結論 本件審判の請求は、成り立たない。 
理由 第1 手続の経緯
本願は,2005年2月9日(パリ条約による優先権主張2004年9月2日,米国)を国際出願日とする出願であって,平成22年10月26日付けで拒絶査定がなされ,これに対し,平成23年3月2日に拒絶査定に対する審判請求がなされ,同時に手続補正がなされたものである。
平成23年11月8日付けで,審判請求人に前置報告書の内容を示し意見を求めるための審尋を行ったが,回答書は提出されなかった。

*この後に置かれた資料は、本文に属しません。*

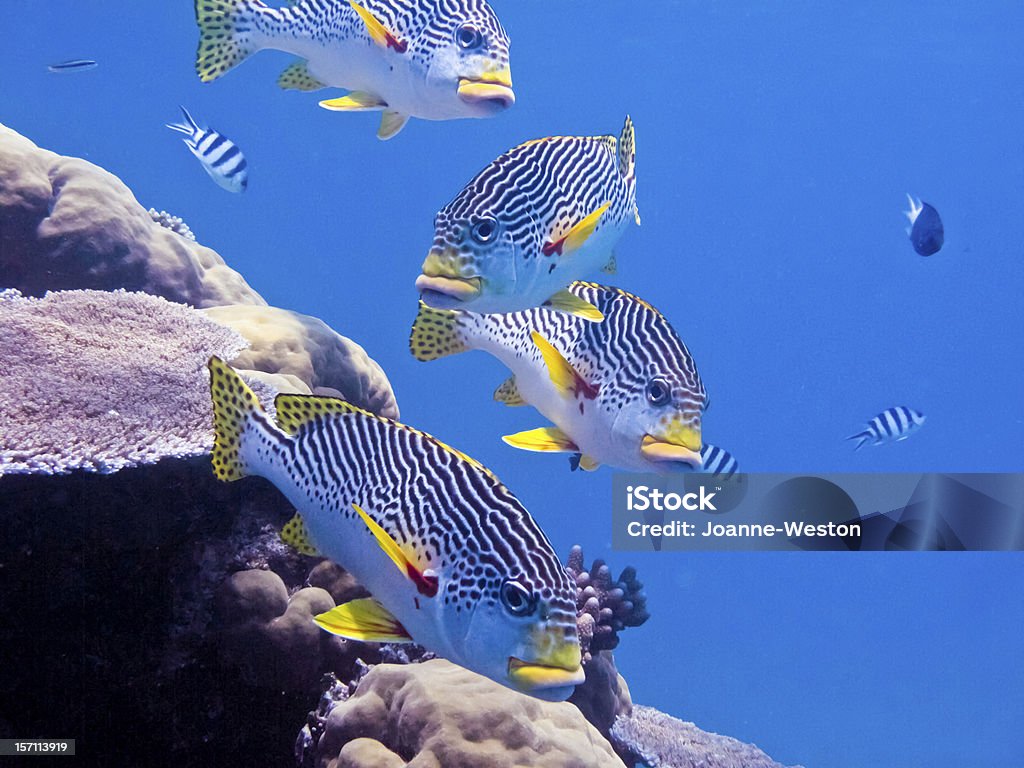 Colorful sweetlip on the reef Boldly colored diagonal banded sweetlip on Australia's great barrier reef. Australia Stock Photo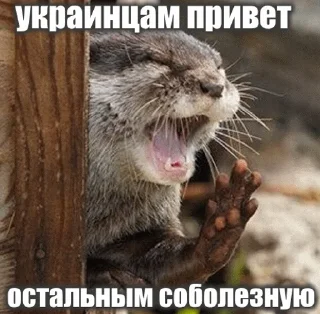 🇺🇦 emoji @vidromemi УКРАЇНСЬКІ ВИДОРИ Telegram sticker 24 of 56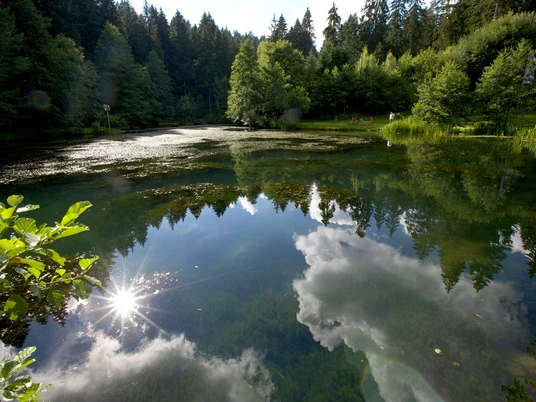 Der Kinzigsee im Zauberland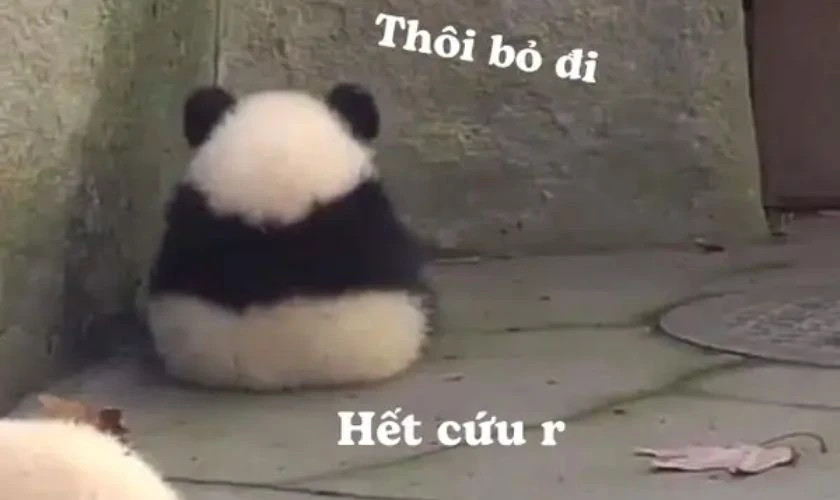 Ảnh meme chú mèo nằm dài bất lực
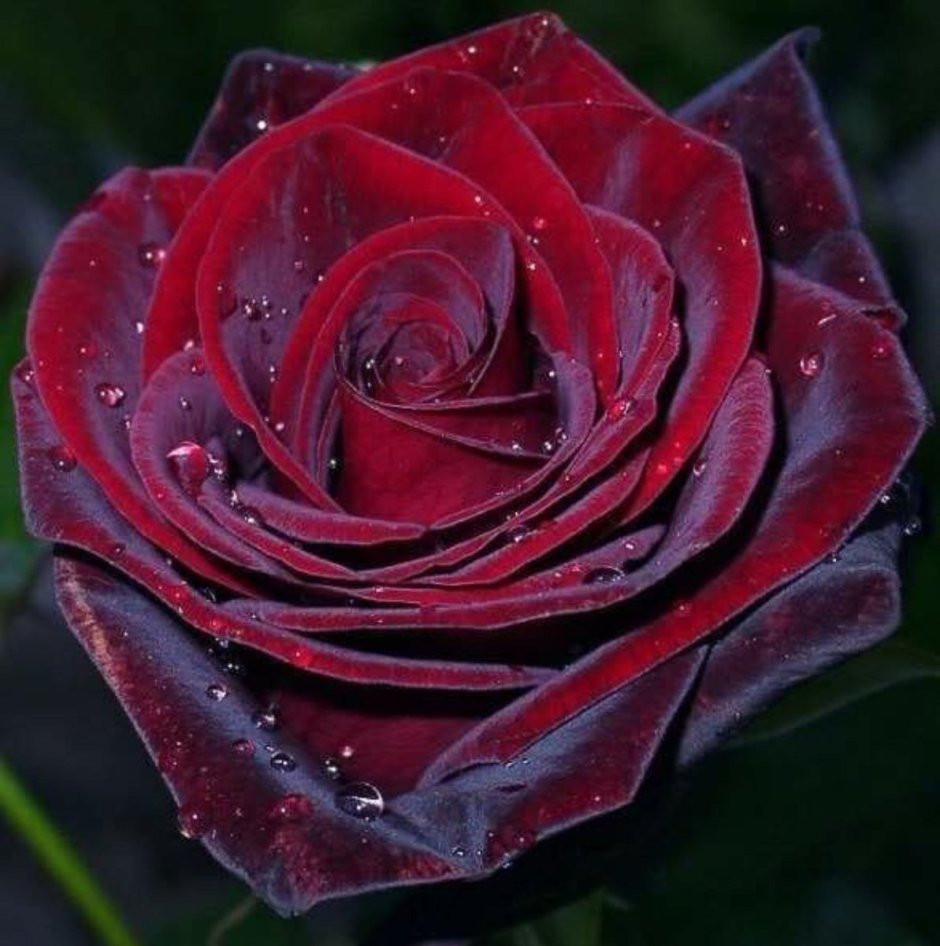 Розы темно бордовые чайно гибридные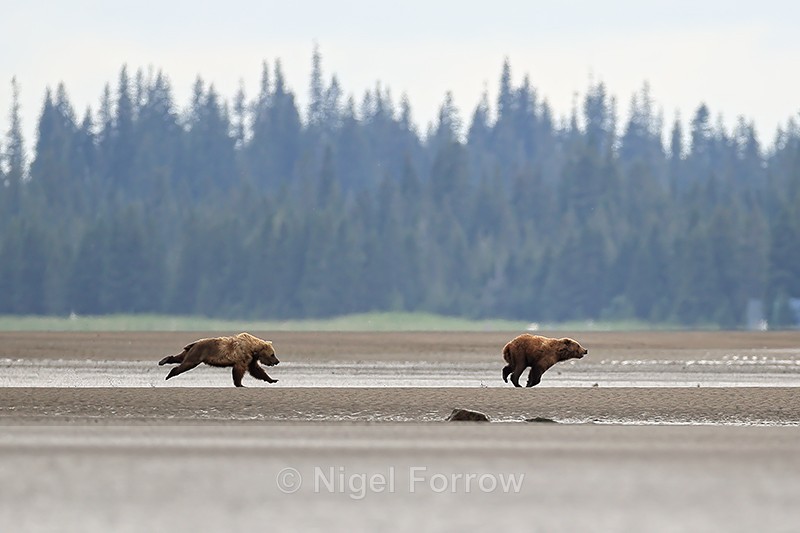 Brown Bear chase, Lake Clark NP, Alaska - Brown Bear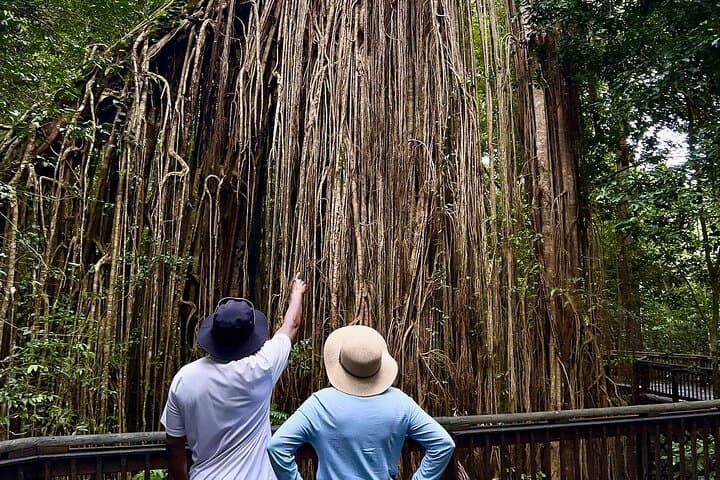 Port Douglas Wildlife & Rainforest Safari — Private Full-Day Tour photo 4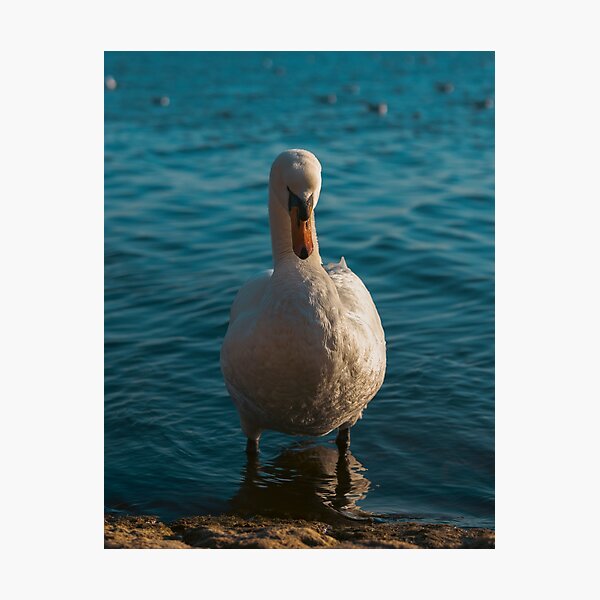 Item preview, Swan designed and sold by Brawnyink.
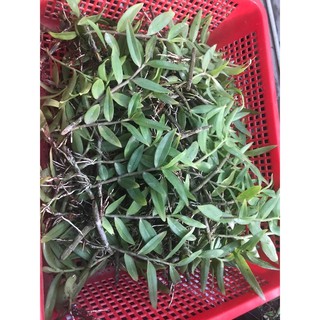 Lan giả hạc pháp ( kie trên 10cm )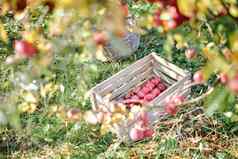秋天收获红色的有机苹果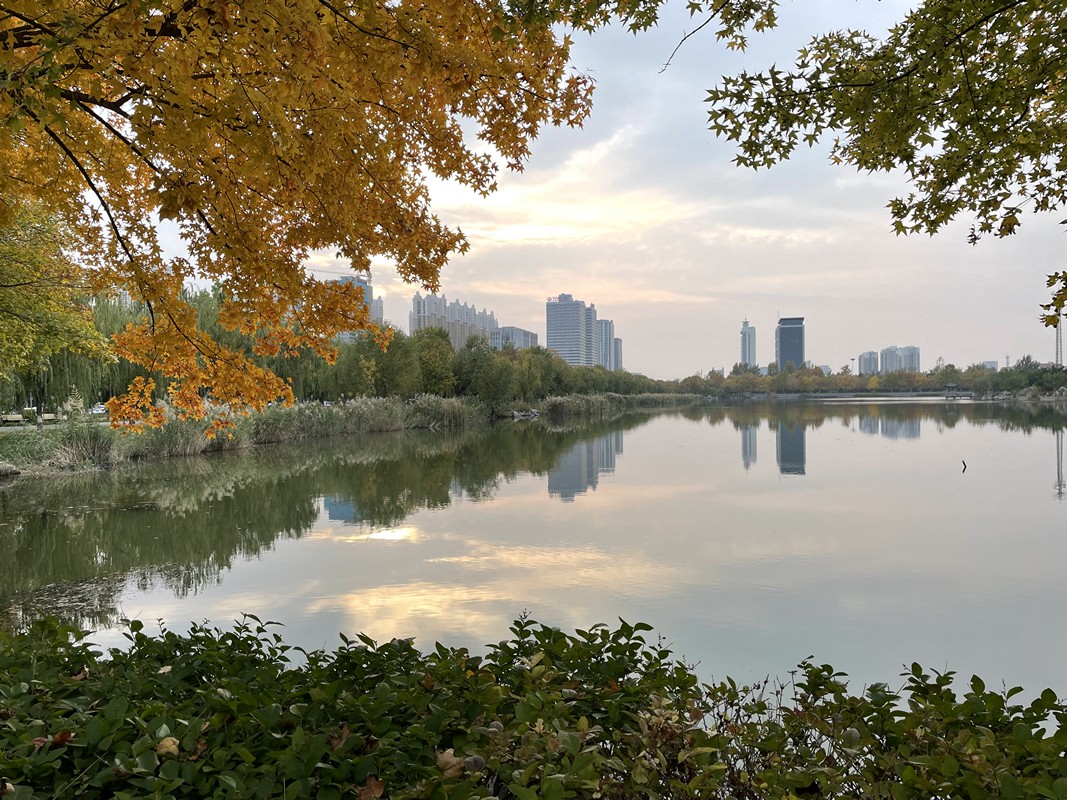 山東石油化工學院 我的大學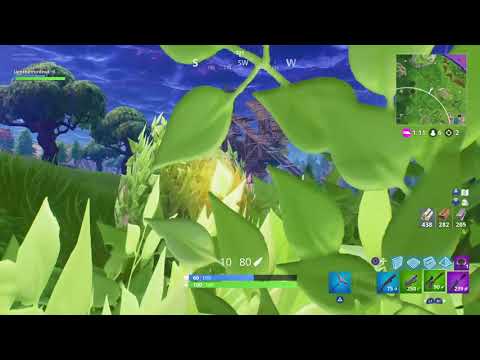 I won at the fortnite Stop sayin im going no where in life mom!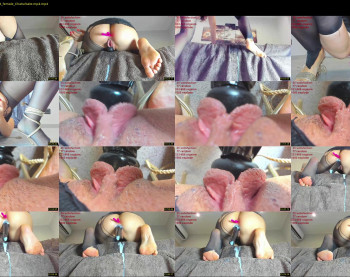 catty190 — 29 minute Chaturbate female cam show recording, 720p, Dec 31, 2022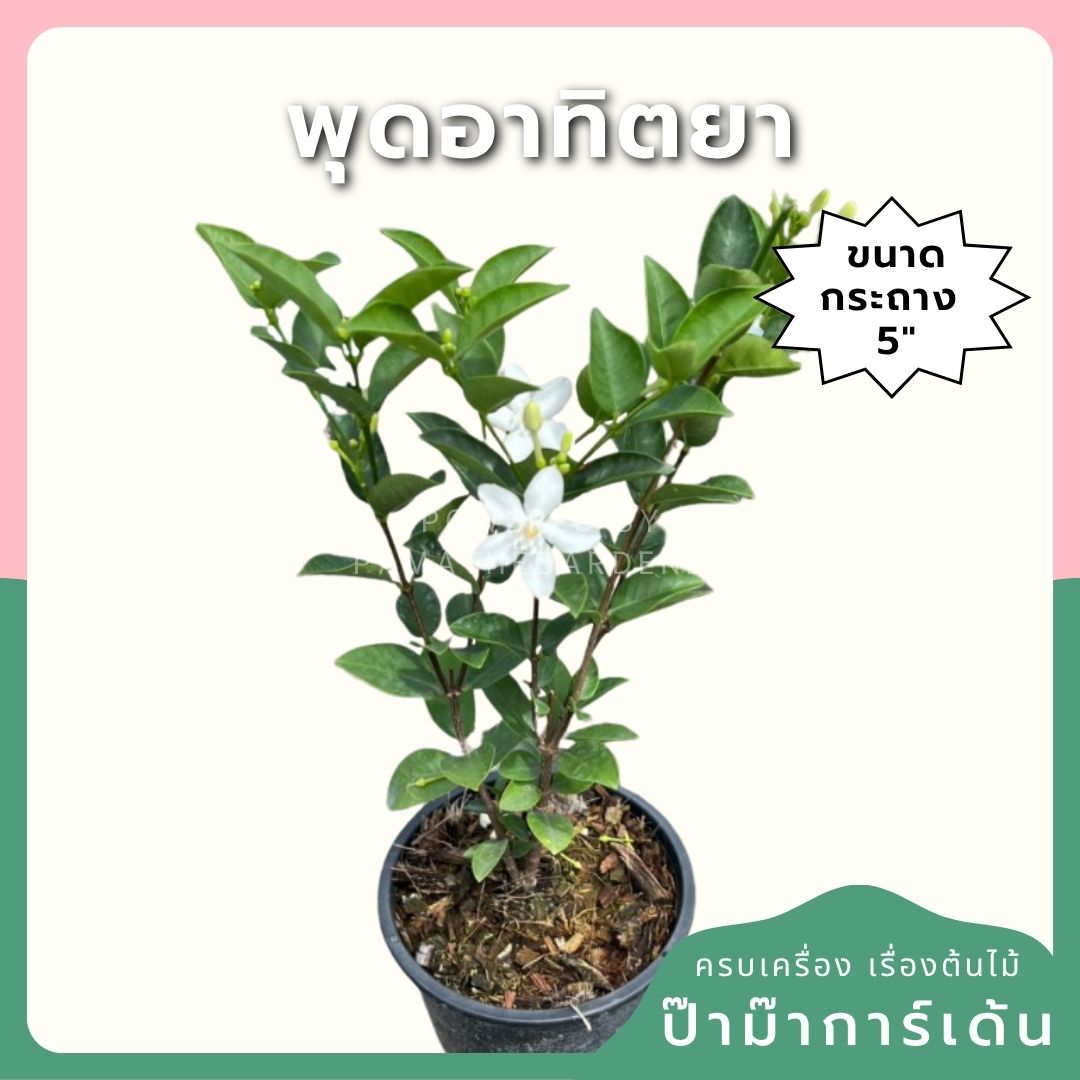 พุดศุภโชคอาทิตยา กระถาง 5 นิ้ว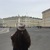 Аватар Вика Блинова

第2 平成23年3月2日付けの手続補正についての補正の却下の決定
[補正の却下の決定の結論]
平成23年3月2日付けの手続補正を却下する。
[理由]
1 補正の内容,補正後の本願発明
平成23年3月2日付けの手続補正(以下,「本件補正」という。)は,特許請求の範囲の請求項1について,次のとおりに補正しようとする補正を含む。
補正前(平成22年9月10日付け手続補正書を参照)
「【請求項1】
成形プラスチックから成る平面構造玩具であって,
複数の構造素子ピースを含み,
各構造素子ピースは,第一平面を定め,第二端部に延びる第一端部を有し,それによって,軸を定め,前記第一端部は,スロットを有し,
該スロットは,前記軸の一部に沿って,前記第一端部から前記第二端部に向かって所定距離だけ延び,
前記スロットは,前記第一端部に隣接する外端部と,内端部とを有し,
前記スロットは,前記外端部に隣接して前記スロット内に一対の対向する外部圧痕を有し,前記スロットは,更に,前記内端部に隣接して前記スロット内に一対の対向する内部圧痕を有し,該内部圧痕及び前記外部圧痕は,他の構造素子ピースと連結するために構成され,
各構造素子ピースは,底部側と反対側の頂部側を有し,前記スロットは,前記頂部側から前記底部側に配置され,
各構造素子ピースは,更に,前記軸に沿って前記頂部側から前記底部側に各構造素子ピース内に配置される一対の開口を含み,
該開口は,中心ポストによって所定距離だけ離間し,前記中心ポストは,他の構造素子ピースの前記スロット内に受容され且つ前記内部圧痕内に保持されるように構成され且つ寸法取られる,
平面構造玩具。」を,

補正後
「【請求項1】
成形プラスチックから成る平面構造玩具であって,
複数の構造素子ピースを含み,
各構造素子ピースは,第一平面を定め,第二端部に延びる第一端部を有し,それによって,軸を定め,前記第一端部は,スロットを有し,
該スロットは,前記軸の一部に沿って,前記第一端部から前記第二端部に向かって所定距離だけ延び,
前記スロットは,前記第一端部に隣接する外端部と,内端部とを有し,
前記スロットは,前記外端部に隣接して前記スロット内に一対の対向する外部圧痕を有し,前記スロットは,更に,前記内端部に隣接して前記スロット内に一対の対向する内部圧痕を有し,該内部圧痕及び前記外部圧痕は,他の構造素子ピースと連結するために構成され,
各構造素子ピースは,底部側と反対側の頂部側を有し,前記スロットは,前記頂部側から前記底部側に配置され,
各構造素子ピースは,更に,前記軸に沿って前記頂部側から前記底部側に各構造素子ピース内に配置される一対の開口を含み,
該開口は,中心ポストによって所定距離だけ離間し,
一方の構造素子ピースの前記中心ポストは,前記一方の構造素子ピースが他方の構造素子ピースに対して前記中央ポストについて旋回可能であるよう,前記他方の構造素子ピースの前記スロット内に受容され且つ前記内部圧痕内に保持されるように構成され且つ寸法取られる,
平面構造玩具。」
とする。

補正後の請求項1の「中央ポスト」は,「中心ポスト」の誤記と認め,以下,検討する。
上記補正は,一方の構造素子ピースの中心ポストを,他方の構造素子ピースに対して中心ポストについて「旋回可能であるよう,」他方の構造素子ピースのスロット内に受容され且つ内部圧痕内に保持されるように構成され且つ寸法取られるものに特定するものであるから,特許請求の範囲の減縮を目的とする。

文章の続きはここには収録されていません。